The plague reached Constantinople, killing 40 percent of the population. According to some reports, about half of the then population of the world died from this pandemic. From time to time, it still flared up in separate places for two centuries, and then seemed to freeze to wake up in the 1340s as the Black Death.

Even Justinian’s plague faded before the Black Death

By that time, the population had grown greatly, transport had become developed and fast, which contributed to its spreading almost all over the world. If the plague affects one village, killing all of its inhabitants, then if none of the infected has managed to leave for another inhabited place, it freezes. But the increased number of people and the ease of their movement created a favorable environment for the disease.

It all started with ships that came from the East to the western harbors. Their teams were either dead or dying from an unknown infection. The survivors, if they were able, unloaded the ships, communicating with people on the dock and in the city, and thus the plague marched on. When the Black Death unfolded in all its might in Europe, the dead per day numbered in the hundreds, especially in the big cities. Some fled from the cities to the countryside, hoping in this way to hide from a danger for which they did not understand. People were buried in mass graves, huge ditches, somehow covered with earth. And there were no tools or knowledge to understand that plague is an infectious disease. It was attributed to the punishment of God or the machinations of the devil. Soon, no one was worried about the dead – there were too many deaths. People, in spite of their inclination to unite in the face of danger, were forced to move away from each other so as not to get sick, and died alone.

The belief in God, on which the picture of the world of medieval man rested, was also shaken. The fear of death caused anger directed at the clergy, who by their actions – prayers and processions of the cross – only contributed to the further spread of the infection. However, it was the representatives of the clergy who were both doctors and lawyers in the Middle Ages, they had to be contacted for weddings and funerals, which was especially important during a pandemic.

The priests and monks suffered losses no less than other estates, and as a result, the Pope gave mass absolution and allowed citizens to perform the rituals themselves, due to the lack of clerics. He also lowered the age at which it was possible to rise to the next level of the church hierarchy, which led to a large number of young careerists, unprincipled and poorly educated. As a result, the authority of the church in the time that followed the plague greatly weakened, which ultimately led to the reforms of Martin Luther.

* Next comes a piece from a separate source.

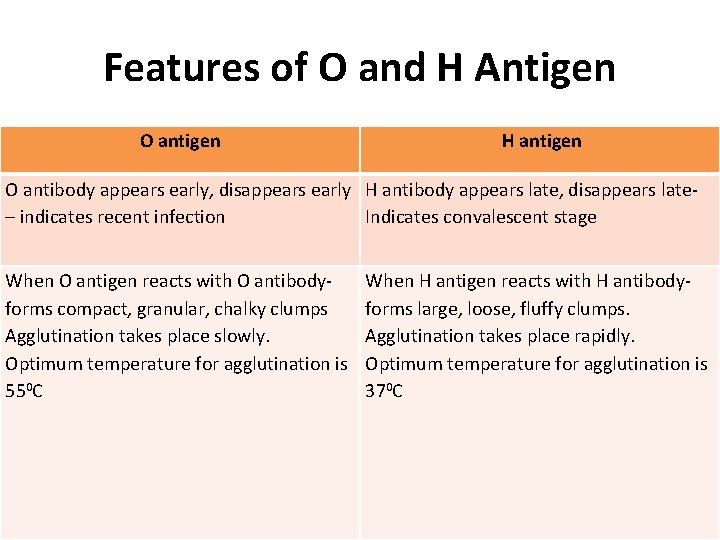 Features of O and H Antigen O antigen H antigen O antibody appears early,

The fallout from the pandemic, which has claimed the lives of 75 million people worldwide, has affected an entire generation. Some fell into mysticism and watched visions, others lost faith in everything and embarked on all serious things – debauchery, murder and robbery. They also looked for scapegoats, the ideal target was the Jews, who were blamed for all mortal sins, in addition to the spread of the disease.

After the first, most violent outbreak of the Black Death, she returned several more times, about once every two years.

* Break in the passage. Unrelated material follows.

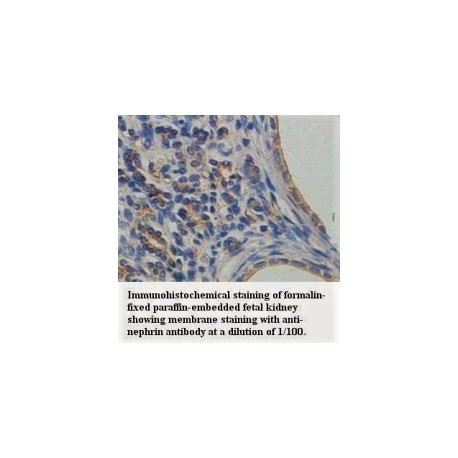 Nephrin Antibody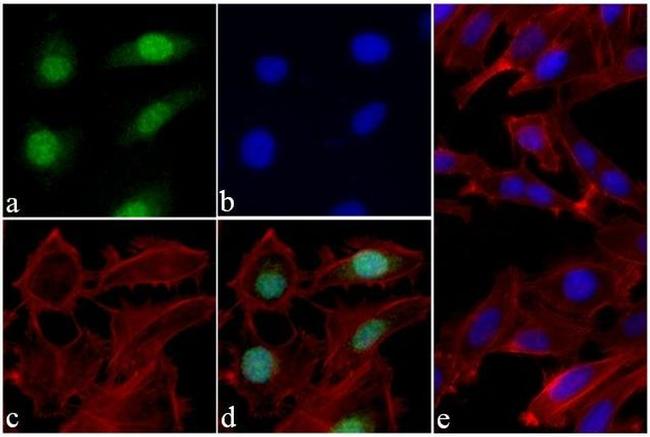 H3K9ac Antibody in Immunocytochemistry (ICC/IF)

When the infection subsided, life changed dramatically. The fields became forests again, there was no longer a need to feed as many people as before the plague. The survivors settled in the homes of the dead. The peasants, who were afraid to protest against the clergy and their feudal lords, found courage and voice. Ideas of equality and account of merit arose, and not only of noble origin.

Another known pandemic, the Spanish flu, broke out in 1918-1920

By 1920, the death toll was about 100 million, according to epidemiologists. But the society was much more advanced scientifically and medically, which did not prevent the pandemic from breaking out. Its spread in the last months of the First World War was facilitated by unsanitary conditions, refugee and resettlement camps, and high speed of movement of vehicles.

Dan Carlin, author of the bestselling book The End Is Always Near: Apocalyptic Moments from the Collapse of the Bronze Age to Nuclear Strikes, is confident that our civilization is not immune to a second pandemic. It is not unshakable and unsinkable, and an ordinary virus or microbe can become the culprit of its decline.